Wife Beating: Should You Warn A Bride-to-be About Her Intended?
Dear Mel,
You read all the time about different forms of domestic violence. Well my best friend’s daughter, who’s never been married before, is about to get married to a man who’s quite a bit older than her and who, I’ve just heard, was divorced for beating his wife up. I know you’re going to tell me it’s none of my business. But I know I shan’t be able to live with myself if this young woman gets the same treatment. Help! What do I do?
Marion
Mel's Comment:
Dear Marion,
This is a tricky one. As you quite rightly point out, my first instinct is to say ‘leave well alone’. However, having had to face a similar situation myself years ago, I know just what you mean when you say you wouldn’t be able to live with yourself if history repeats itself. Nor, if the couple in question have a family, can the impact of domestic violence on children be taken lightly!
Sometimes, great integrity requires great courage. And humanity – the civilised and compassionate response to our shared ideals – demands that tough decisions have to be made; decisions which may change other people’s lives forever; decisions for which they may never forgive you – whichever way it goes! So here’s what I’d say.
First, make absolutely sure that what you’ve heard is accurate. That means not relying solely on one person’s hearsay. Which means that you may have to ask around, tactfully – though how you do so without indulging in gossip is beyond me. Perhaps it’s best simply to determine the honesty of your source?
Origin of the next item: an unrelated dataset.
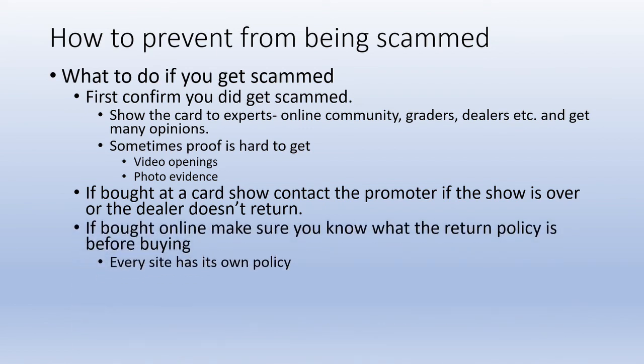If buying online with the many new platforms out there, make sure you know the return policy before you buy — every site has its own policy. eBay has been tough in certain situations to prove you got scammed. A scam that ran for a while was: a buyer would purchase a card, return something else in its place, and as long as something came back in the mail, eBay would often side with the buyer. Sometimes even photo evidence of opening the package wasn't enough proof for a refund — which puts everyone in a bad spot.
You obviously can’t go to the ex-wife. Do you know the prospective groom well enough to tell him what you’ve heard, and to ask if there’s any truth in it? If so, could you persuade him to talk it through with his wife-to-be? Or at least to defer the wedding until he’s had some sort of counselling therapy?
Second, assuming that you have established that there is a history of violence but you haven’t been able to speak to the young man in question, I think you have to share what you’ve heard with the girl’s mother – your best friend. Imagine how you would feel if she was in your shoes and this was your daughter about to make the biggest mistake of her life.
Choose your time carefully, when you can speak freely to your friend without interruption or haste. Begin by telling her how much you have always valued her friendship. Let her know that you have something to tell her, and that it’s the most difficult thing you’ve ever have had to do. Make sure she understands that you would hope that if your roles were reversed, and she knew something about your prospective son-in-law, she would do likewise.
And then, I think you have to tell her that you’ve heard these rumours; you’ve had them verified; and that you’re worried about her daughter. Let her know that, as far as you’re concerned, she (your best friend) has to have the final word as to whether she tells her daughter. You will not interfere.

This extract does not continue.